Lembro-me de que nos anos 80 os computadores ainda eram configurados manualmente. A internet era algo tão incipiente que parecia coisa de especialistas. Quando a onda informatizante estourou, caí de boca. Tenho (ainda) uns 5 micros desmontados em casa (não sei por quê). Aprendi bastante, mas nem tanto, sobre muitos campos correlatos.
De forma geral, os textos passaram por modificações profundas desde então. Houve a época em que quase todos diziam que textos longos não teriam futuro na internet. Passaram-se vários anos e muitos passaram a defender o contrário. Houve quem defendesse as animações (no antigo Flash). Houve quem privilegiasse os mecanismos de busca e o SEO (Search Engine Optimization). Muitos continuaram escrevendo.
Hoje os portais de notícias funcionam de forma sinérgica com os jornais impressos, com meios eletrônicos os mais diversos, com formas síncronas e assíncronas de disseminar informações. Os equipamentos evoluíram tanto que hoje qualquer um pode divulgar notícias de alto nível conteudístico (texto e/ou imagem) sem grande esforço tecnológico (mas grande investimento pessoal, sempre).
Mas, e os textos?
Vemos os portais de notícias e eles geralmente reproduzem textos que saem nos jornais e/ou revistas. Muitas vezes os textos na web apenas servem como tentativa de viabilizar – economicamente também – iniciativas que se sustentam em meios tradicionais (artigos, colunas, etc.). Os textos costumam ser praticamente idênticos aos do passado. Há exceções, como os links para textos de blogs. Mas mesmo estes mantêm parâmetros bem determinados – salvo raras exceções. Dificilmente somos capturados por textos que nos desafiam – que saem do paradigma do jornalismo norte-americano de praxe.
Os textos da Obvious tentam, embora de leve, sair um pouco desse estigma. Há de tudo neste site. Só não parece haver – ainda não achei – espaço para poesia ou academicismo puro. Talvez porque não cole, não "venda" ou simplesmente não seja permitido. Não importa.
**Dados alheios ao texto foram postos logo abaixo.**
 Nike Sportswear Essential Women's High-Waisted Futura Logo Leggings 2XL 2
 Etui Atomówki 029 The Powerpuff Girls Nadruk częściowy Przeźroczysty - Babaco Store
Escrevo há mais de um mês. Fiz aqui desde textos temáticos conectando fontes diversas (retiradas do cinema, das artes plásticas e da literatura) até resenhas sobre espetáculos (fazendo a mesma coisa, ou seja, conexões com outras artes) e "viagens" por meio de livres associações a partir de poesias e poemas em prosa. Fiz até – o texto sobre Feridas – uma viagem sinestésica pessoal que depois completei com um contraponto de ordem jornalística.
Fui questionado quanto ao rigor usado nas minhas "viagens" por meio de livres associações. Não há problema nisso. Quem as lê pode achar que realmente não faço uso de rigor ao explanar determinados assuntos. Pode até ter razão. Chega-se até a questionar se textos como esses mereceriam estar na Obvious.
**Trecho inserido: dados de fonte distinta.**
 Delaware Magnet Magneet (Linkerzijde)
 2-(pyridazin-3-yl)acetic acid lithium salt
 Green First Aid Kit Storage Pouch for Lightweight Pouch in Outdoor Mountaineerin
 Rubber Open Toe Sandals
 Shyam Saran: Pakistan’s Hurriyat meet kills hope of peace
Recentemente, publiquei – também na Obvious – um texto sobre o anacronismo – a meu ver –de se separar de forma definitiva os mundos acadêmico e não-acadêmico a partir dos textos de cada um desses mundos. Sugiro nesse texto que aproximando ambos mundos pode-se ganhar mais, em qualquer aspecto, do que simplesmente deixando que eles se ignorem mutuamente. Não tive qualquer resposta significativa a respeito – embora o texto esteja sendo razoavelmente lido.
Sou formado em jornalismo e filosofia, ambos cursos com ranço no passado. Embora tenha conhecimentos de marketing e informática, meu perfil é bem claro: sou das áreas humanas. Isso como que me coloca necessariamente do lado dos saudosistas, daqueles que não estão tão antenados com as novas tecnologias. Daqueles que acreditam naquilo que se provou parece não fazer mais qualquer diferença no mundo prático. Afinal, quem assiste palestras de filósofos? Pretendentes a. E de jornalistas? O mesmo. E de economistas? Quem se preocupa com o mundo real. E de informática? Quem busca tendências para ganhar dinheiro. Pareço ser fadado a ser considerado um anacrônico.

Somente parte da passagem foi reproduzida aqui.